◆ **TASK BRIEF**
Pictures must not appear in the copy. Restate exactly the lines below from the one with "H. Dumaige Bronze" through the one with "Set van 6 Moderne", inclusive.

◆ **DATASET CONTENT**
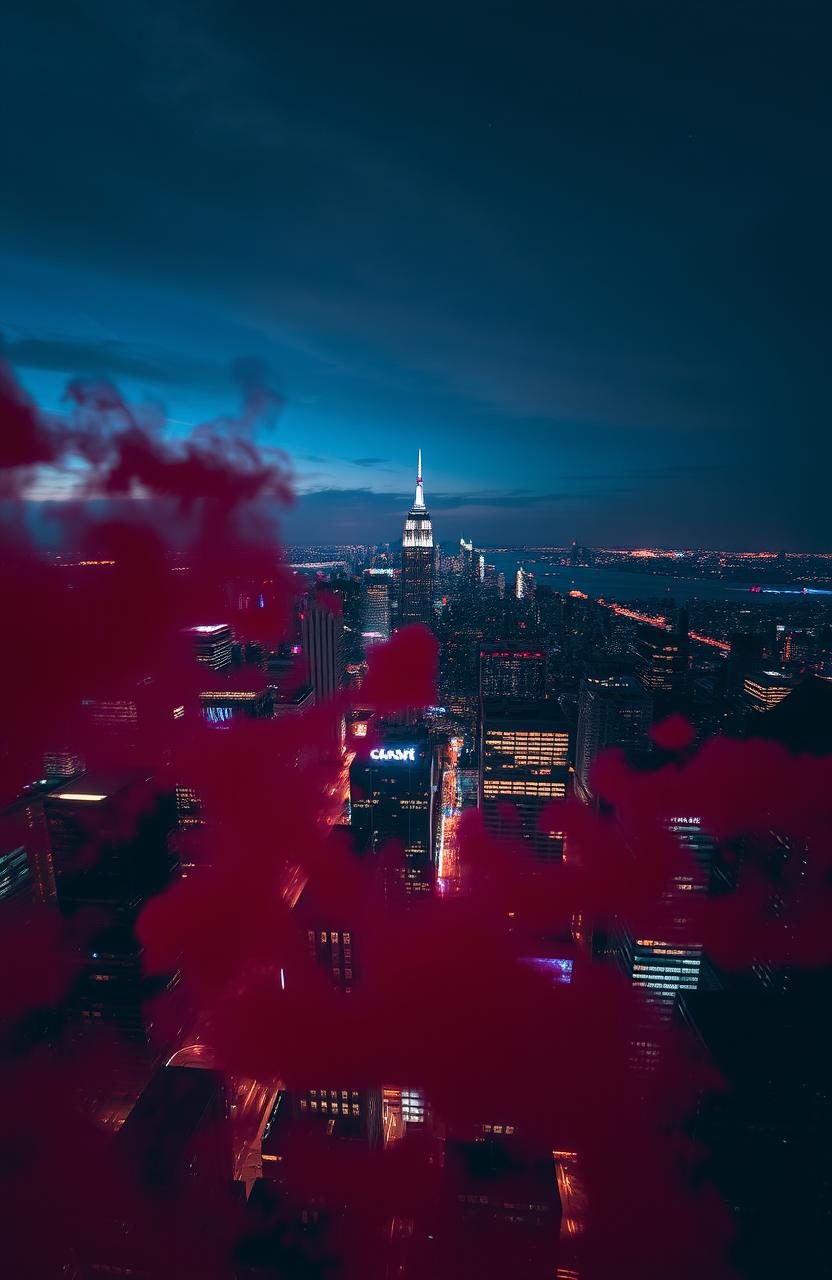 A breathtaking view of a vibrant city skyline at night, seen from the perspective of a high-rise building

---

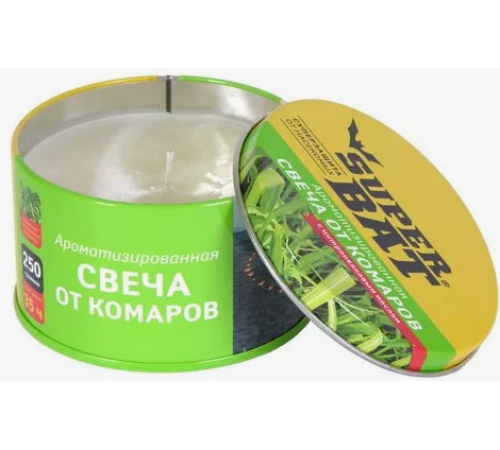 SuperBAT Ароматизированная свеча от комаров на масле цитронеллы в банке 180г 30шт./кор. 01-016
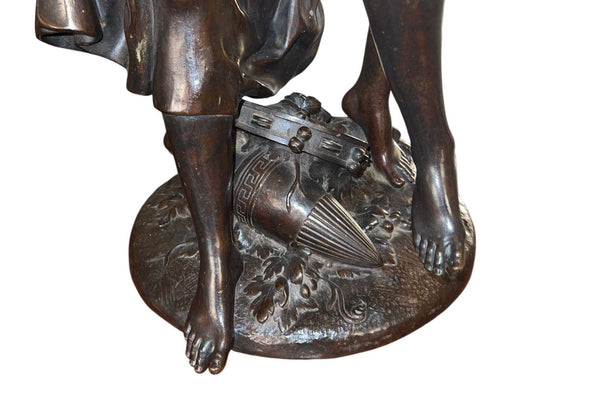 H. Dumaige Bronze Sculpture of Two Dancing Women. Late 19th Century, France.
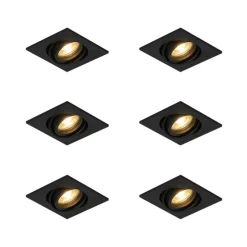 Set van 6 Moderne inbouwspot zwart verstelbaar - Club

==

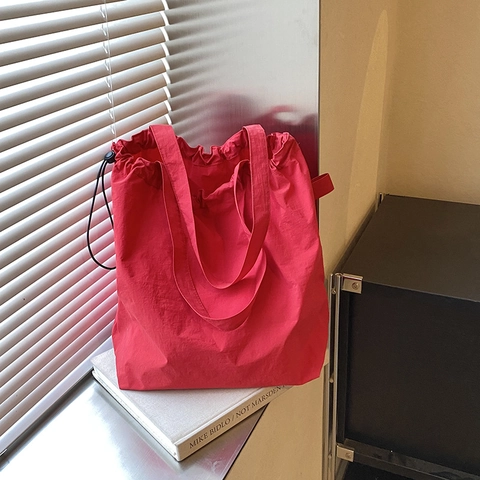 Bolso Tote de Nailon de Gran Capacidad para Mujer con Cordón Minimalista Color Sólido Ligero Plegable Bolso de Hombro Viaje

◆ **TASK RESULT**
 H. Dumaige Bronze Sculpture of Two Dancing Women. Late 19th Century, France.
 Set van 6 Moderne inbouwspot zwart verstelbaar - Club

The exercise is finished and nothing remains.